Carol Baker Tharp has been selected by Los Angeles Mayor Antonio Villaraigosa after a nationwide search to be the new general manager of the city Department of Neighborhood Empowerment (DONE), which oversees the city’s Neighborhood Council system.
Tharp is deputy director of the Civic Engagement Initiative at the USC School of Policy, Planning and Development.
The appointment must still be approved by the Los Angeles City Council. Tharp is expected to begin serving as general manager Monday, March 12th.
Tharp, who has spent 20 years working in Southern California communities, will take over for interim department general manager Lisa Sarno, who has served the position since former general manager Greg Nelson retired in April.
City of Los Angeles voters approved a new city charter in 1999 that mandated the creation of the Neighborhood Council system to promote public participation in city government and make the government more responsive to local needs.
The Los Angeles City Council approved the plan for the Neighborhood Council system in May 2001, and 87 certified Neighborhood Councils have since been created. Each of the city’s certified Neighborhood Councils receives $50,000 in annual funding.
In announcing Tharp’s appointment Monday, February 26th, the mayor called her a “proven leader, scholar and community servant.”
“Throughout her professional career and years of community involvement, Carol Baker Tharp has remained committed to the belief that civic engagement is a vital element of democratic governance,” Villaraigosa said. “Carol’s experience and expertise make her the most qualified person for this position.
“She will work to empower our Neighborhood Councils to serve residents across Los Angeles while providing necessary structure and oversight to the department.”
Tharp called her appointment as Department of Neighborhood Empowerment general manager “incredibly exciting,” saying it would allow her to put to use her experience of working with community issues over the years.
“I’ve been thinking about these issues and working on them since the 1970s,” said Tharp, who added that she worked with neighborhood councils in Eugene, Oregon while serving as the city’s community relations director.
Tharp said she also gained experience through her work at USC, where she has helped create an academic center devoted to the study and research of neighborhood participation.
“Now I’m going back into the neighborhood and will be able to put all that experience and learning back to work, and it feels so right,” Tharp said of the general manager position.
Villaraigosa has also appointed BongHwan Kim, a member of the Neighborhood Council Review Commission, as the new assistant general manager of the Department of Neighborhood Empowerment.
Kim is the executive director of Pasadena Neighborhood Housing Services, where he is responsible for managing and directing program development for the organization, which works to provide affordable housing to low- and moderate-income families in the San Gabriel Valley.

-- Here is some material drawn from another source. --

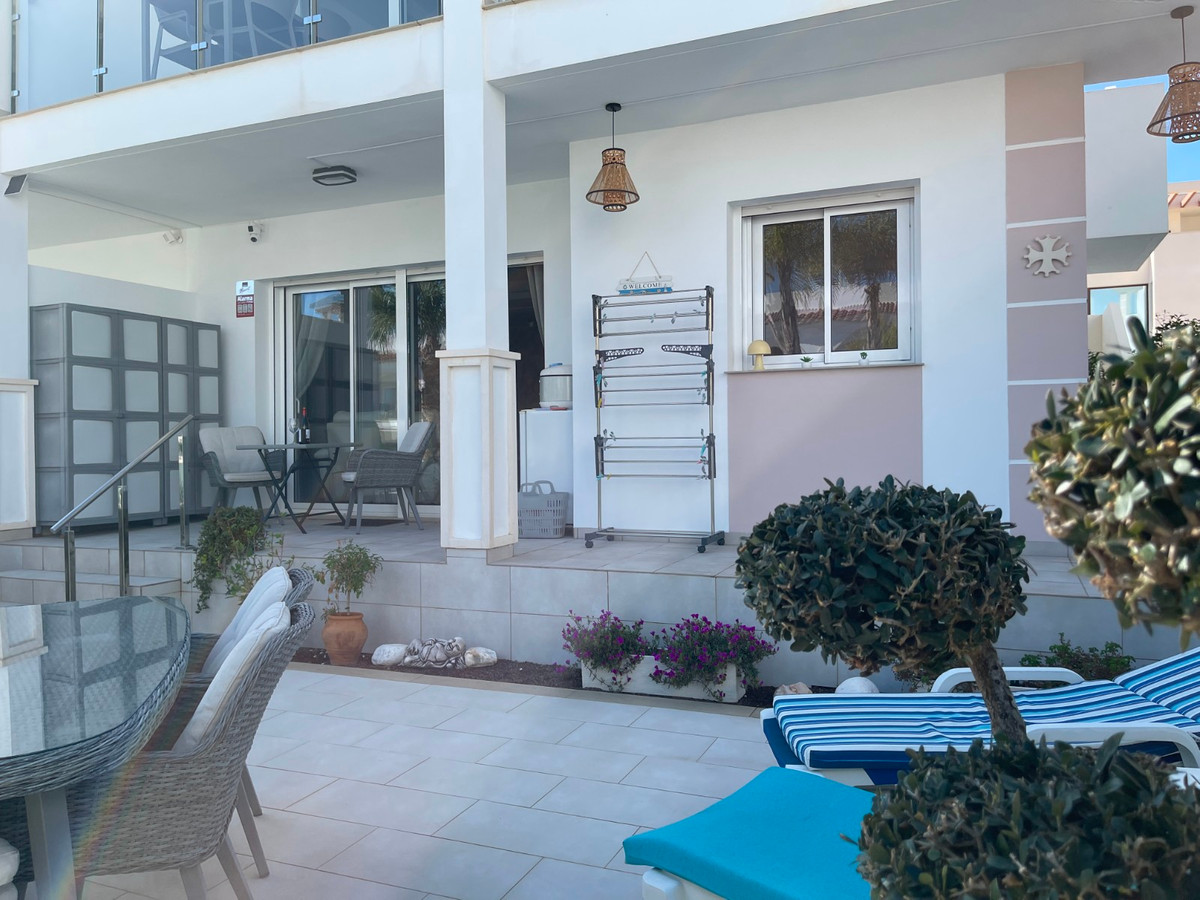 Se vende Apartamento Planta Baja de 2 dormitorios en Costa Blanca, Alicante, España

The USC Civic Engagement Initiative, of which Tharp is currently the deputy director, released a report late last year that focused on ways to improve the effectiveness of the citywide Neighborhood Council system and made various recommendations.
Among the findings of the report were that Neighborhood Councils are not “descriptively representative” of the social and economic diversity of Los Angeles residents, and many of the councils struggle with outreach and infighting.

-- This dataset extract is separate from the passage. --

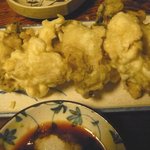 栄屋酒場 - カキ天　★★★☆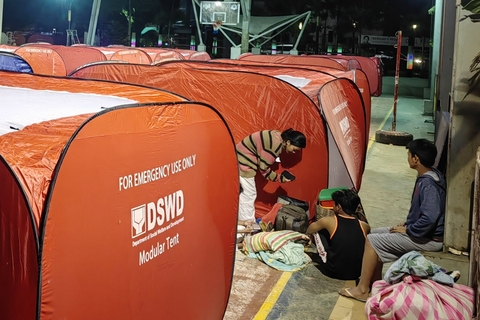 当地时间2022年7月28日，菲律宾阿布拉省，地震发生后，民众在帐篷里避难。图：Bernie Sipin Dela Cruz/IC photo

As the new Department of Neighborhood Empowerment general manager, Tharp said she and department officials plan to work with community members to help them achieve their goals for their community.
“A lot of what we will be doing is listening to the people,” Tharp said.
The department will also plan on finding more ways to increase publicity about the Neighborhood Council system, she said.
There are many different groups that are looking at how to improve the system, including the Neighborhood Council Review Commission, the city controller’s office, which has issued an audit of the system, and the city Board of Neighborhood Commissioners, Tharp said.
“I’m coming in at a time that’s rich with good ideas,” she said.
Tharp previously served as executive director of Coro Southern California, a leadership education organization.
She currently teaches a course on citizenship and public ethics to USC undergraduates and leads seminars on developing civic engagement in the university’s leadership programs.
Tharp received her bachelor’s degree in speech, communication and theater arts from Wake Forest University and her Ph.D. in political science and religion from Claremont Graduate University.